**RAW DATA**
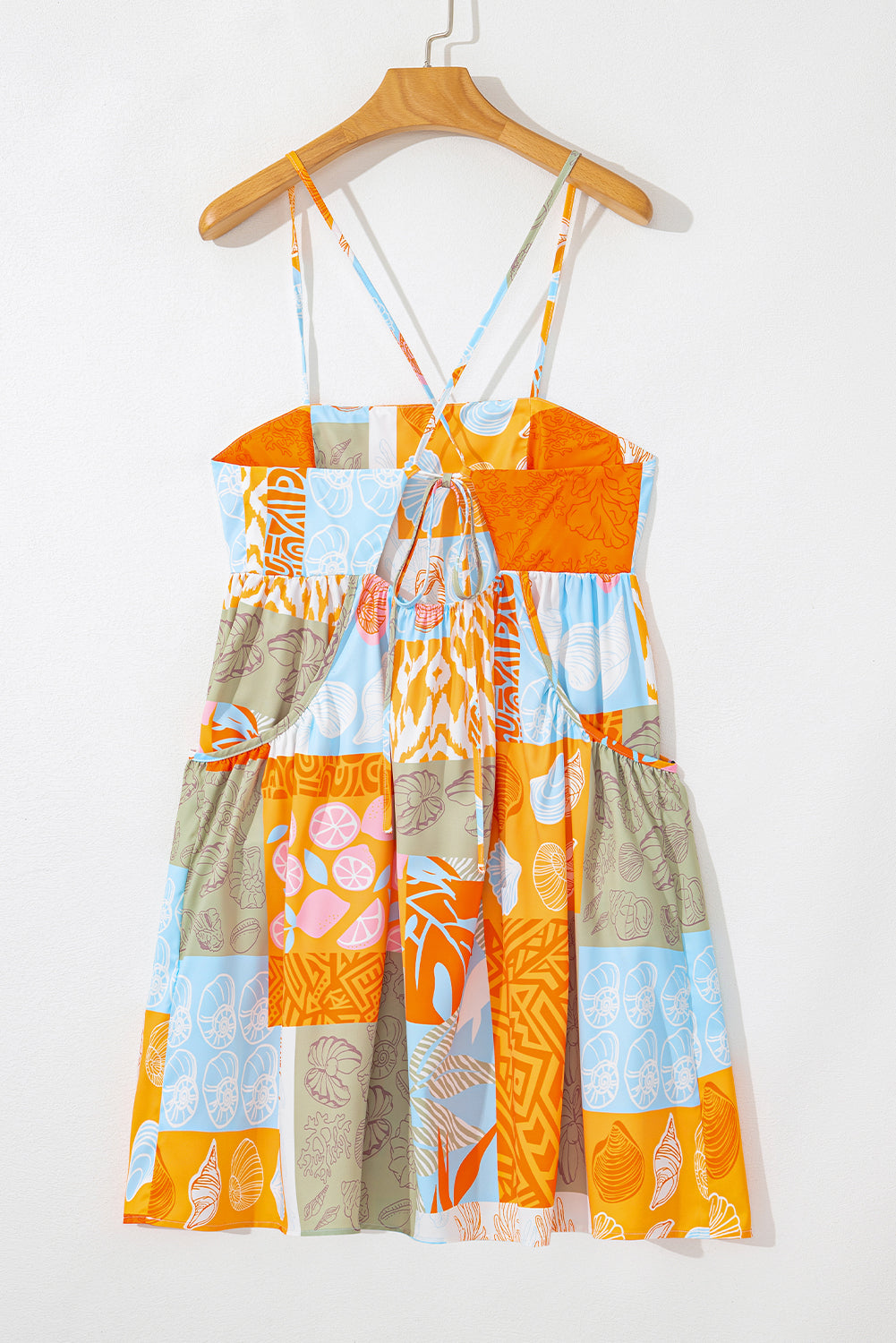 Orange Shell Print Patchwork Backless Flowy Dress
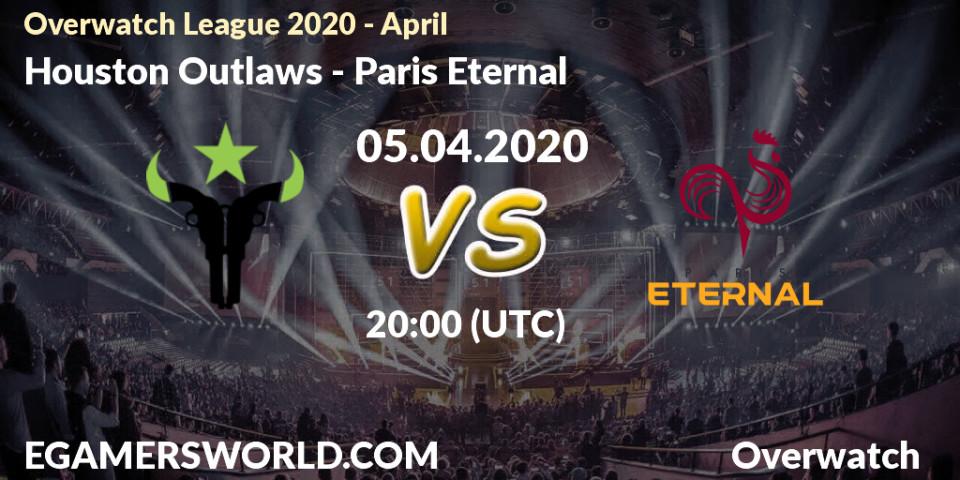 Pronósticos Houston Outlaws - Paris Eternal. 05.04.20. Overwatch League 2020 - April - Overwatch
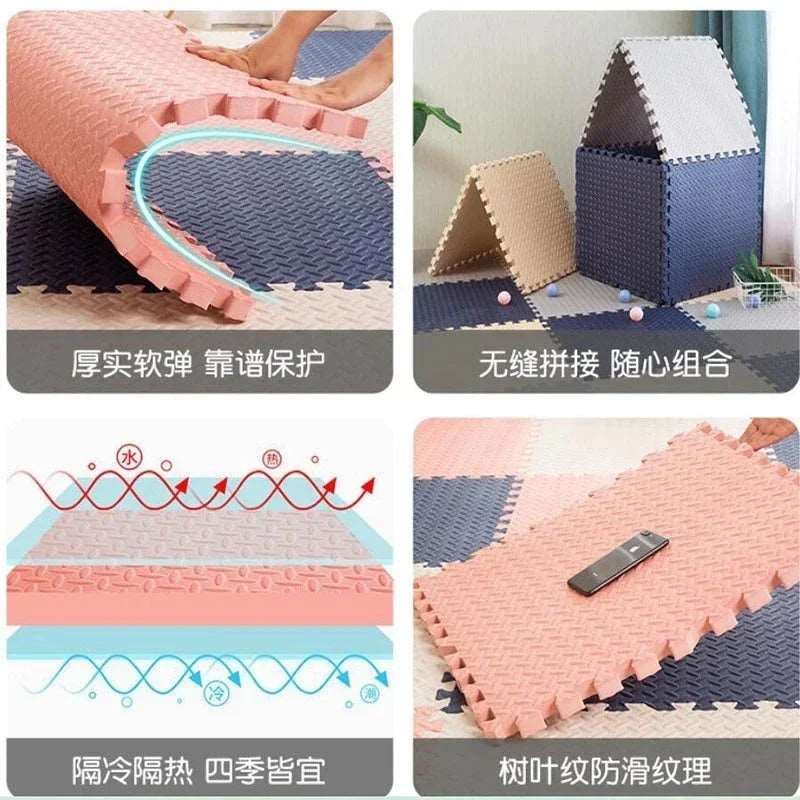 12pcs Foam Baby Play Mat Puzzle Mat Kids Interlocking Exercise Tiles Rugs Floor Tiles Toy Carpet Soft Carpet 30*30*1cm-Labell USA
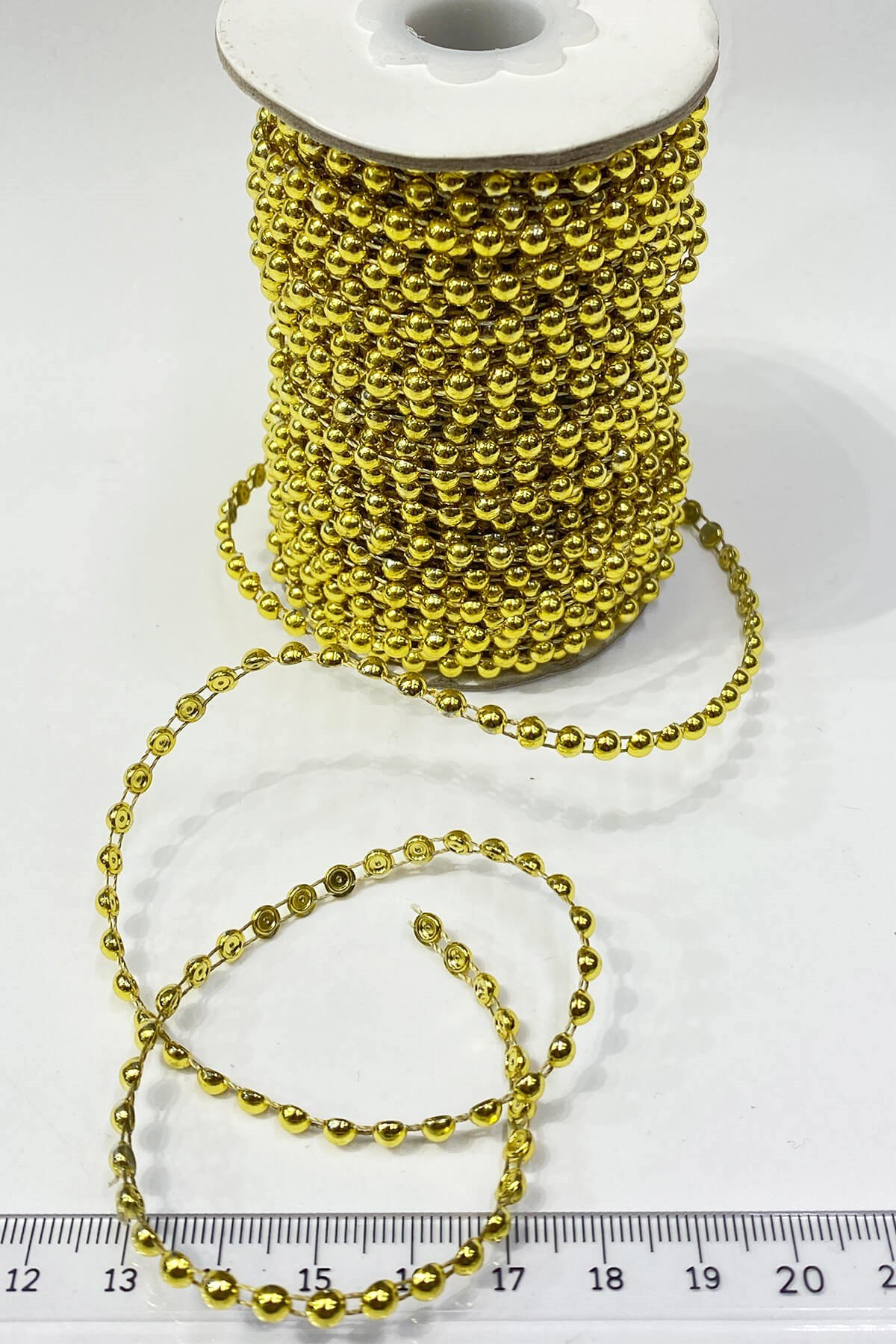 Gold Plastik Şerit Yarım İnci 4 mm 10 mt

**EXERCISE DETAILS**
Nothing but the lines from the line with "12pcs Foam Baby" through the last line of the listing should be copied, exactly and with both ends kept. Leave pictures out.

**TASK RESPONSE**
 12pcs Foam Baby Play Mat Puzzle Mat Kids Interlocking Exercise Tiles Rugs Floor Tiles Toy Carpet Soft Carpet 30*30*1cm-Labell USA
 Gold Plastik Şerit Yarım İnci 4 mm 10 mt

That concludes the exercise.